From Wikipedia, channelling Douglas Hofstadter:
An ambigram is a visual pun of a special kind: a calligraphic design having two or more (clear) interpretations as written words. One can voluntarily jump back and forth between the rival readings usually by shifting one's physical point of view (moving the design in some way) but sometimes by simply altering one's perceptual bias towards a design (clicking an internal mental switch, so to speak). Sometimes the readings will say identical things, sometimes they will say different things.
I see J. D. Salinger’s Franny & Zooey as an ambigram. At least two readings of the book compete for primacy in my brain.
In one, Franny & Zooey is a story about the failings of religion—of madness inhabiting the guises of spirituality; of a girl fleeing the apathy of her peers into escapist prayer; and of a family in shambles, overtaken by grief and void of affection. Religion, here, is the harbinger of insanity.

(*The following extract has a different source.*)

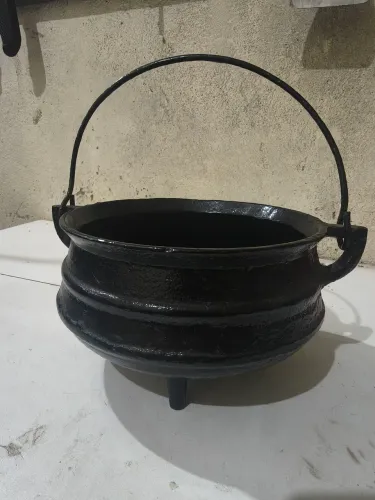 Caldeirão de ferro antigo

My second reading is the polar opposite of the first—here, Franny & Zooey is about the merits of religion when done correctly. Franny searches for God, misses the mark, but at last readjusts her aim. Her sin is hybris—she fails to see Christ (“the Fat Lady”) in her enemies, the phoney literati of New York. Improper prayer leads to madness, but a proper understanding of God leads to sanity.
The fact that, to me, these two readings can be reconciled goes to show both the quality of Salinger’s work and my lack of religious sophistication.
Franny & Zooey is a story about madness, faith, grief, family dysfunction, and the double-dealings of academia. Salinger circumnavigates these themes with sublime ambiguity.